Suicide is a complex social phenomenon, and it’s difficult to pin down cause and effect. Surely rising rates of opioid abuse have contributed to the suicide increase, but that wouldn’t explain the jump among young people. There’s a case to be made that decline of religiosity in wealthier societies has led to an uptick in suicide(poorer societies tend to have far less of a suicide problem than wealthy societies, so religious differences matter less statistically). We are suffering a crisis of meaning in the West, and it’s having a significant impact on suicidality.

Hendrick ter Brugghen, Old Man Writing by Candlelight, c. 1626-27, Dutch Baroque painter and leading member of the Utrecht followers of Caravaggio

I don’t think religiosity necessarily connects to leading a meaningful life. But, I’d say constantly be sent off to war is one factor because suicide rates for Vets is off the wall.  I’d also say feeling helpless to change things in your work life and community leads to some of that too.  (From Foreign Policy, September, 2017)

Veterans are about 20 percent more likely than nonveterans to kill themselves, according to a Veterans Affairs press release issued on Friday afternoon at the close of business. (Traditionally, that’s when Washington public affairs types put out bad news they don’t wish to discuss.
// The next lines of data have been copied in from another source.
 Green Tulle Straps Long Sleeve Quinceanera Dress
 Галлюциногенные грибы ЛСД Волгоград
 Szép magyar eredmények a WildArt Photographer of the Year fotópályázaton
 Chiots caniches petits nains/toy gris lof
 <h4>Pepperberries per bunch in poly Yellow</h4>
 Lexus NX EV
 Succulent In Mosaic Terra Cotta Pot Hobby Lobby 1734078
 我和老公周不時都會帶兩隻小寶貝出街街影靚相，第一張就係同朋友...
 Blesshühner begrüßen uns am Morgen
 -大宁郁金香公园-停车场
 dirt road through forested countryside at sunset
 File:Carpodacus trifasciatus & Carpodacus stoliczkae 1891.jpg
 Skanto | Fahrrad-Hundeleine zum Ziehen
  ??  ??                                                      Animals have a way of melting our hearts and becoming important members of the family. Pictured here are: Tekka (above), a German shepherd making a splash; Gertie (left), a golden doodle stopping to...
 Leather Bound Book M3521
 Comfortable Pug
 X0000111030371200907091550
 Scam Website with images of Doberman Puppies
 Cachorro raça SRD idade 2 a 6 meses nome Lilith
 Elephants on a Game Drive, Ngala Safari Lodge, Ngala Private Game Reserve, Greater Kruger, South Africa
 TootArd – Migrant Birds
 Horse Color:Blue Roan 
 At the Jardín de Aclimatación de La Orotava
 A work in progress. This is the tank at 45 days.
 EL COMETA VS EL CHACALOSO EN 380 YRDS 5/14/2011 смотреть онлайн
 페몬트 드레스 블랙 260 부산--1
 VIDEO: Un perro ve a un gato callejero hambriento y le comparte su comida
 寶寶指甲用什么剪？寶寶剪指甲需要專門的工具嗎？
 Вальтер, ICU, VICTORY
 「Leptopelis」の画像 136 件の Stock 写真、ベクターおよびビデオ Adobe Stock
Mainly they hope to see it tucked into Saturday newspapers that no one reads.)

Also, the suicide rate for female veterans is 250 percent that for female non-vets.

Then, there’s death by abhorrently racist federal policy.  There’s a surge in that.  From the daily paper of my childhood days The Des Moines Register: “Des Moines DREAMer dies within weeks after being sent back to Mexico’s violence.”

Manuel Antonio Cano Pacheco should have graduated from high school in Des Moines last month. The oldest of four siblings should have walked across a stage in a cap and gown to become a proud symbol to his sister and brothers of the rewards of hard work and education.

Instead, Manuel died a brutal death alone in a foreign land, a symbol of gang supremacy in a country plagued by violent drug cartels. It happened three weeks after U.S. Immigration and Customs Enforcement returned him to Mexico, a country he had left at age 3 when his parents brought him here without a visa.

The fact that America was the only home he has known made Manuel eligible to apply for and be granted DACA status under the Deferred Action for Childhood Arrivals program initiated by former President Barack Obama. It exempted from deportation certain young people, referred to as DREAMERS, who were brought to the U.S. without papers as children.

But that status didn’t protect Manuel when he came to immigration authorities’ attention after being stopped for speeding last fall and charged with driving under the influence. An ICE spokesperson said in a statement that ICE officers arrested him in Polk County Jail and a federal immigration judge terminated his DACA status because of two  misdemeanor convictions.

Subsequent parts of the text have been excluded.